На зимние январские каникулы меня отпустили в Калинин выходить замуж. В женихах — сокурсник, с которым мы продружили весь институт, — Владимир Васильевич Вахров. Володина мама, считая себя очень больной, а работала она преподавателем английского языка в школе №12, добилась, что сына по распределению никуда не отправили. Он трудился в школе №10 сначала в качестве лаборанта химического кабинета, потом преподавателя.

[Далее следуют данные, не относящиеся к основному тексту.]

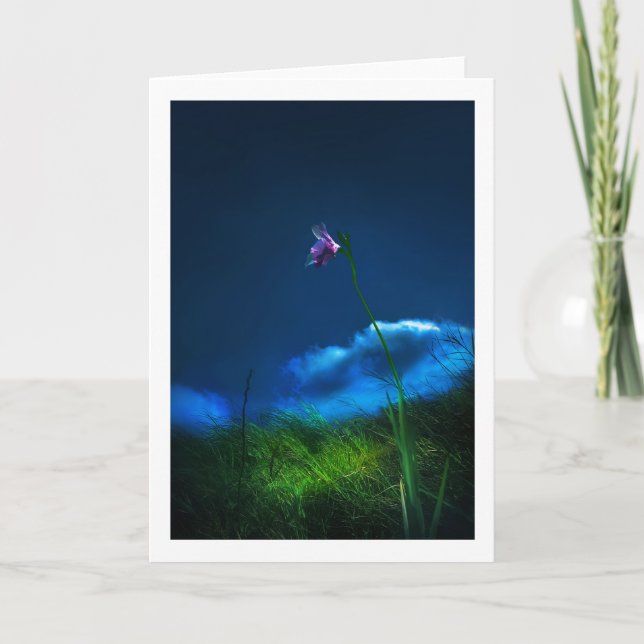 Tarjeta De Agradecimiento Orquídea silvestre GUAM (Anverso)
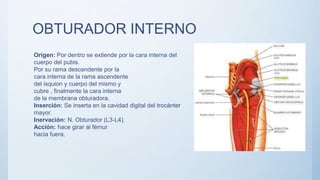 OBTURADOR INTERNO
Origen: Por dentro se extiende por la cara interna del
cuerpo del pubis.
Por su rama descendente por la
cara interna de la rama ascendente
del isquion y cuerpo del mismo y
cubre , finalmente la cara interna
de la membrana obturadora.
Inserción: Se inserta en la cavidad digital del trocánter
mayor.
Inervación: N. Obturador (L3-L4).
Acción: hace girar al fémur
hacia fuera.
 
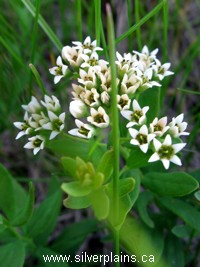 pale comandra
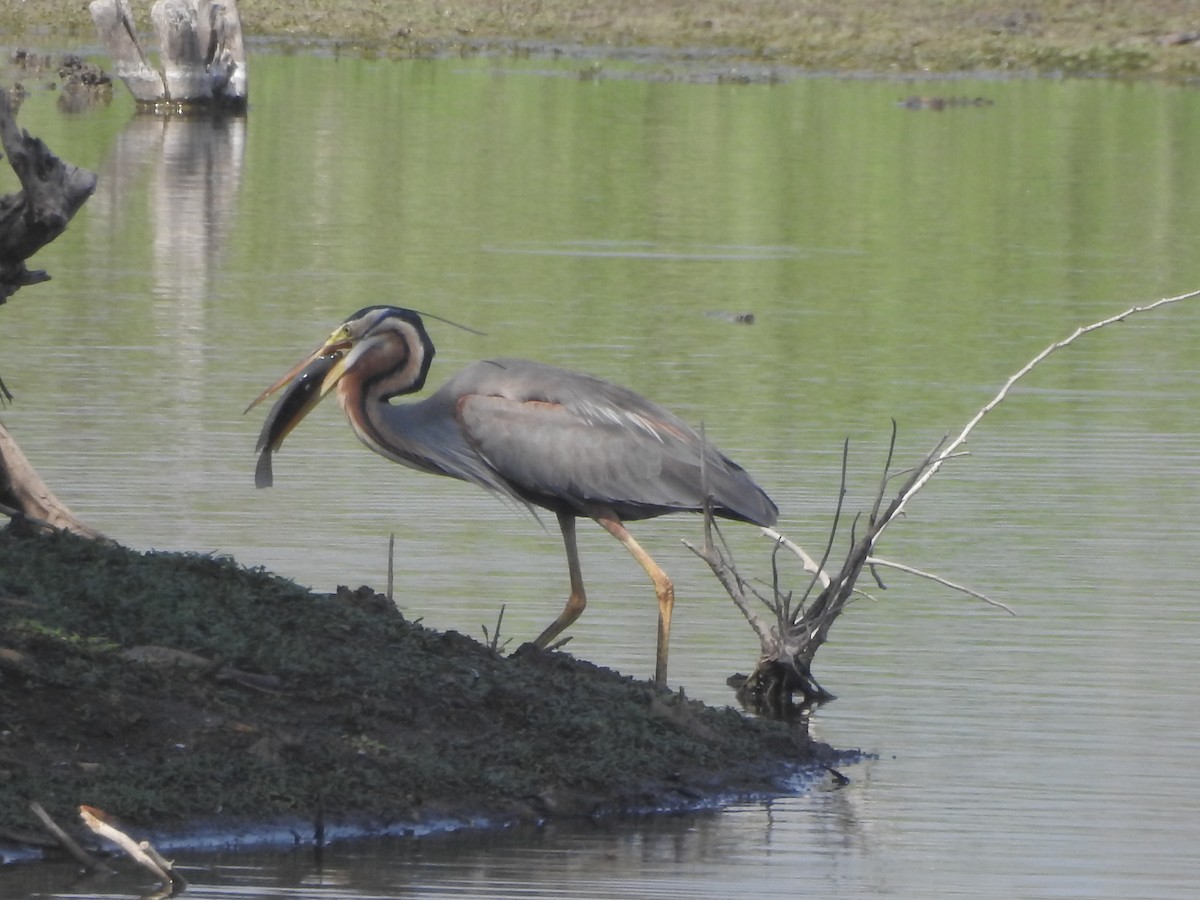 Purple Heron - ML380936821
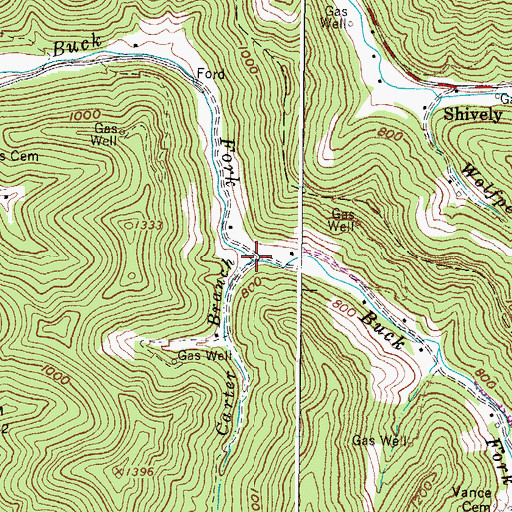 Topographic Map of Carter Branch, WV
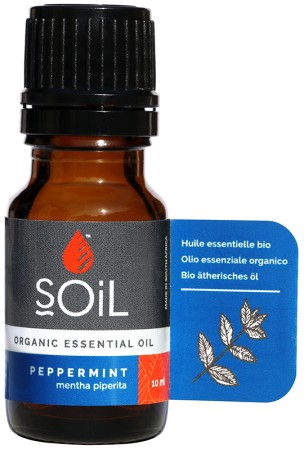 Soil Peppermint Essential Oil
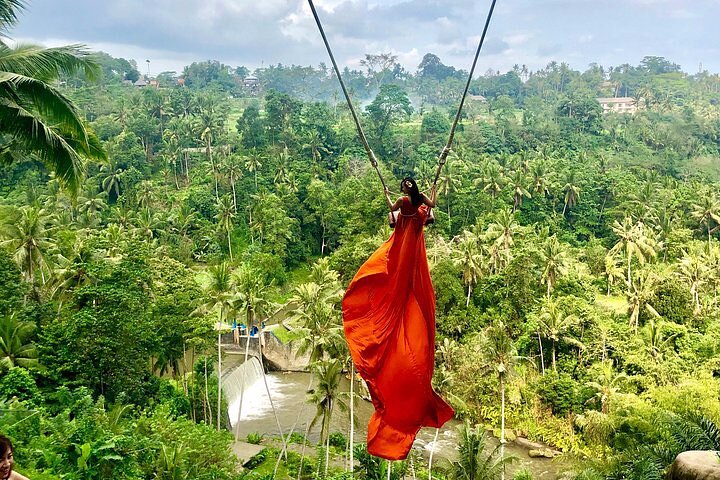 Bali Swing Heaven and White Water Rafting with All Inclusive - Image 1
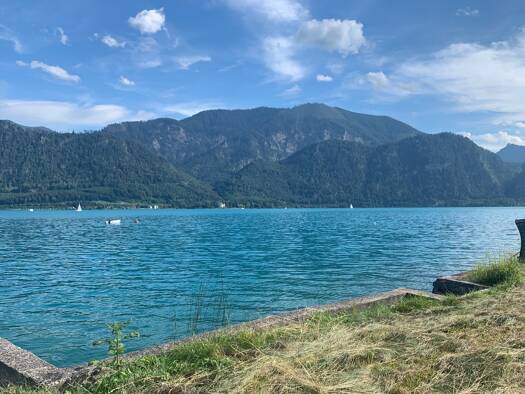Studio zum Kauf 3 Zimmer 87 m² EG Unterach am Attersee 4866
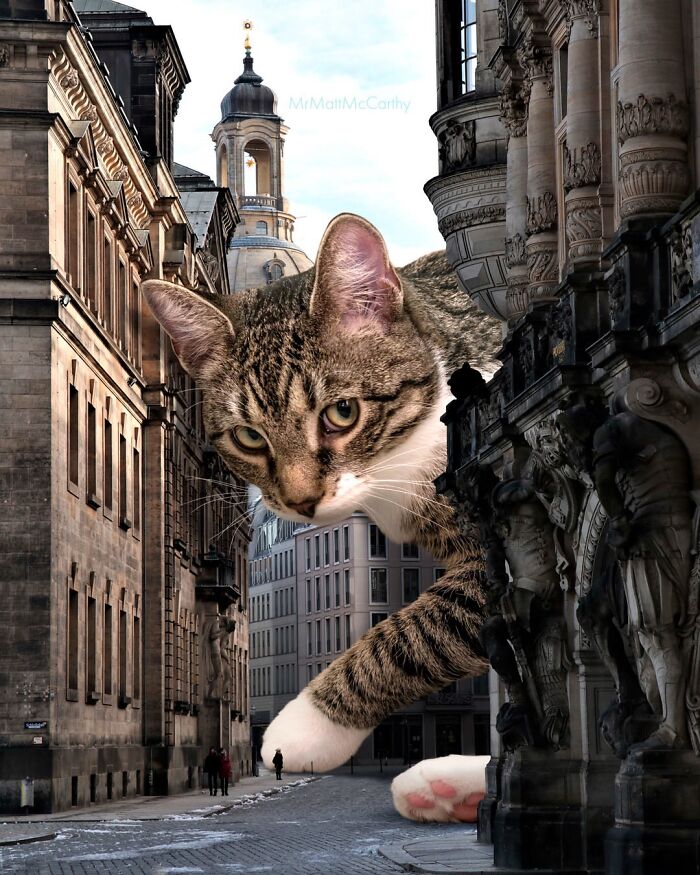 Giant Cats Take Over! Check Out 30 Wildly Big Cat Surreal Pics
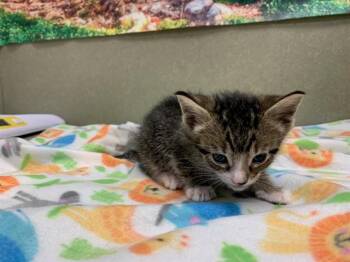 Domestic Short Hair Cats Available for Adoption in Moreno Valley, California - A550539 | PetCurious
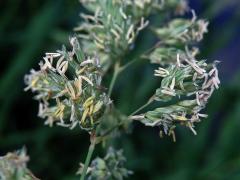 Chrastice rákosovitá (Phalaris arundinacea L.)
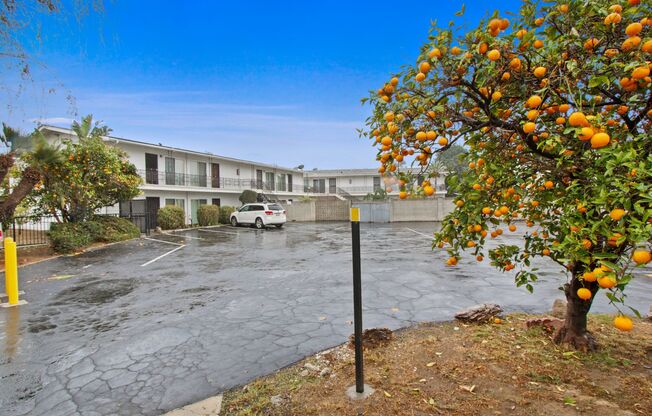 241 E Fremont Square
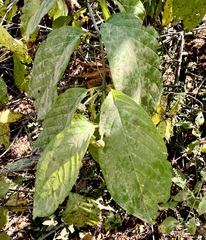Cephalanthus occidentalis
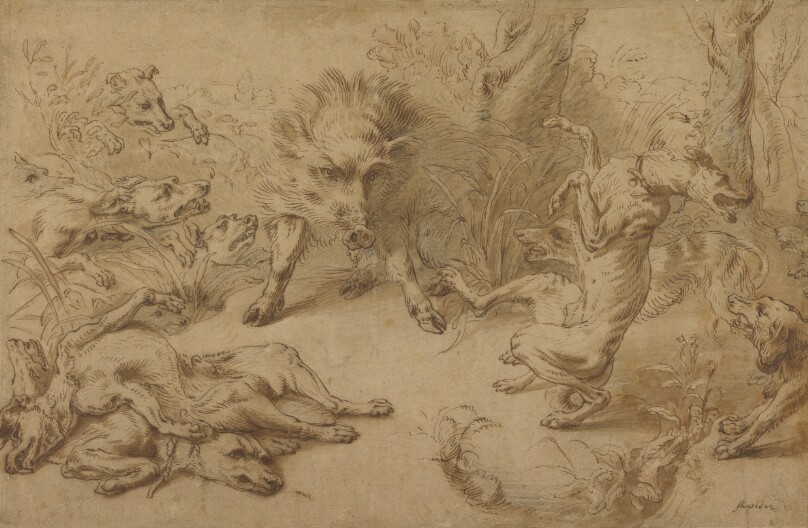 A Wild Boar at Bay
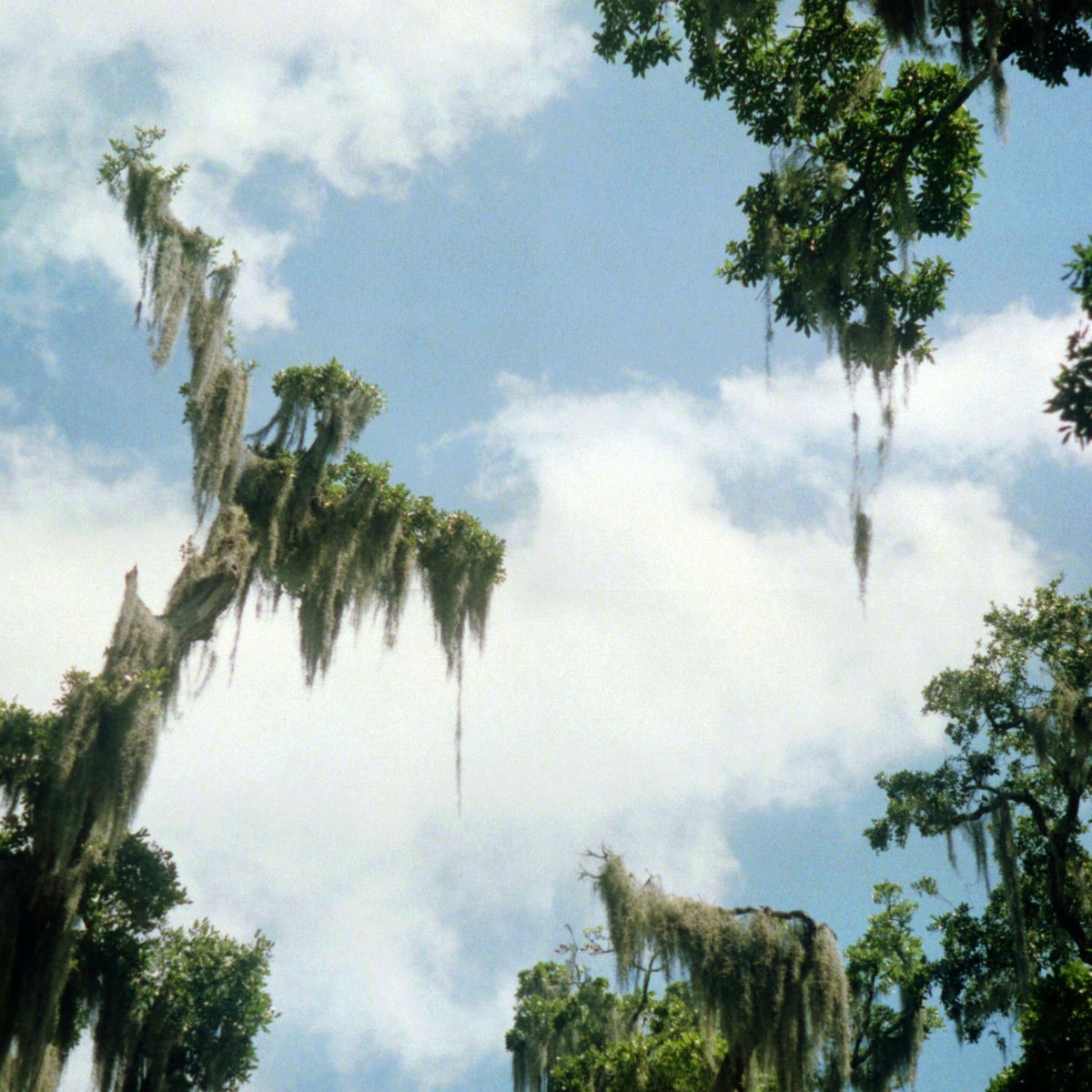 Album cover of Second World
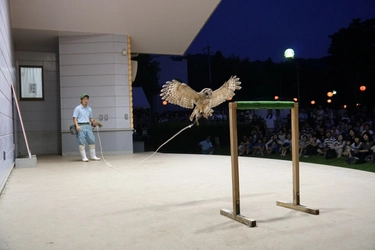 福山市立動物園を夜間も開園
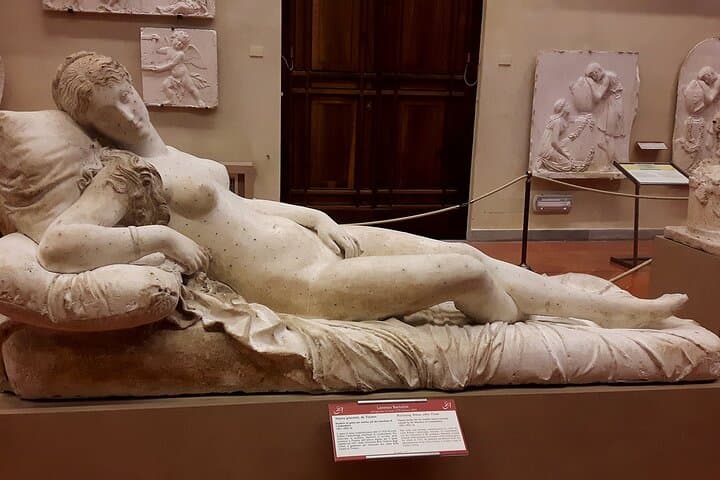 Accademia Gallery Timed Entry Ticket with Audio Guide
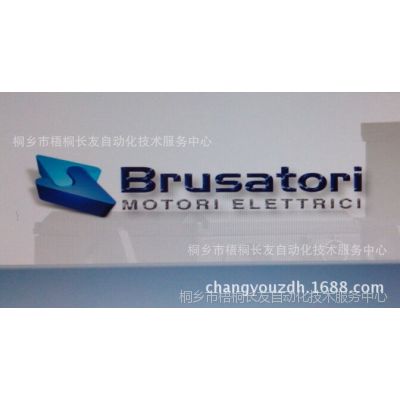 ӦBrusatoriŷBR0582041G11DSά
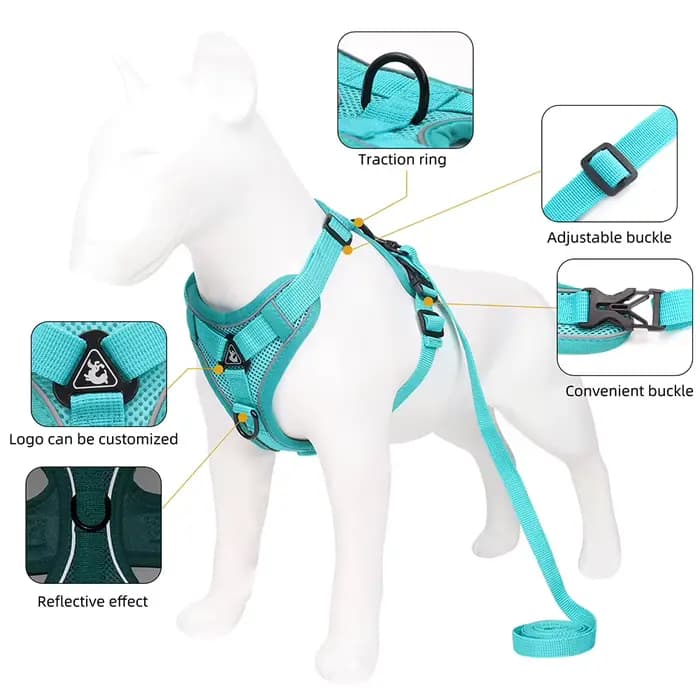 Harnissan-Laisse SFP pour chien et chat, collier, sangles, bouledogue, petit, moyen chien, chiot, bi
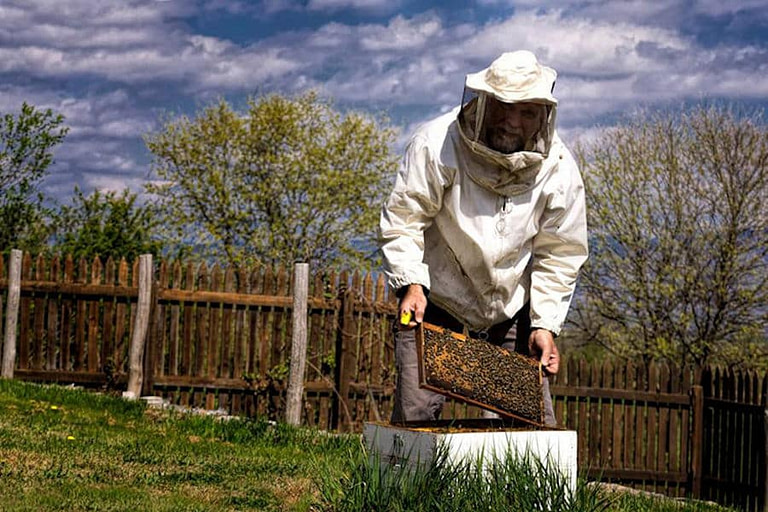 beekeeper holding honeycomb panel and watching the camera in nature at 'Ktima Chronis'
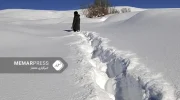 فائو : برای جمع‌شدن برف‌‌ و باران در افغانستان ۸.۳ میلیون گودال حفر شده است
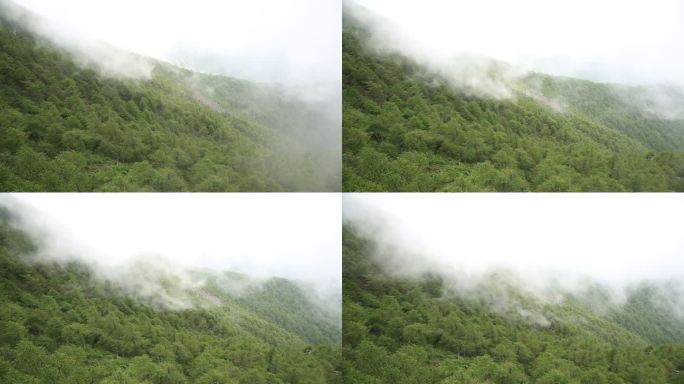 太白山风景区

Расписывались мы в загсе, что располагался на площади Ленина в левом крыле здания администрации г. Твери. На углу стены сейчас укреплена памятная доска, оповещающая о том, что здесь в течение двух лет в должности вице-губернатора трудился великий сатирик Салтыков-Щедрин. В комнате, за стеной которой сейчас эта доска, и расписали нас за пять минут, словно не на долгие годы, а на разовый прием к врачу. Выйдя из загса женатыми, разошлись в разные стороны, каждый по своим делам. Свадьба была вечером на той же Новобежецкой, в том же доме на «вышке» в восьмиметровой комнате. Вынесли все вещи. Остался только длинный стол, покрытый белыми простынями да взятыми напрокат у соседей стульями и лавками. Главное место занимал Володин друг детства Сашка Гордиенко со своей будущей женой. На этой девушке Сашка женился потому, что она была дочерью большого по званию военного и имела дорогую настоящую меховую шубу. Был Алик Селенис и еще кто-то. Дарили мелкие предметы, а от Гордиенко обещание, что он что-то купит. Мама мужа Зинаида Сергеевна, пробыв на свадьбе несколько минут, ушла очень расстроенная. Во-первых, ее не устраивало жилище, в котором предстоит жить ее сыну. Во-вторых, она вообще не хотела иметь невестку, говоря, что сына растила для себя. Перед свадьбой предлагала мне откупиться. Но, оказывается, у нее были виды на московскую кандидатуру — на дочь генерала. А тут? Пусть и с красным дипломом, но семья репрессированных, дочь сторожихи. Одна комната на всех. С печным отоплением. С удобствами на улице. А воду надо носить в ведрах с Тверцы! Но я не припомню, чтобы муж принес хоть одно ведро воды. А надо было готовить пищу, стирать, каждый день купать новорожденную дочь Елену. Да и двадцать пеленок использовались в день. Это вам не фунт изюма съесть! О памперсах и не слышали мы — неандертальцы, как и о детских колготках.

Жили просто, как и все. И, между прочим, были счастливы все двадцать лет. Говорят же, что может быть рай и в шалаше.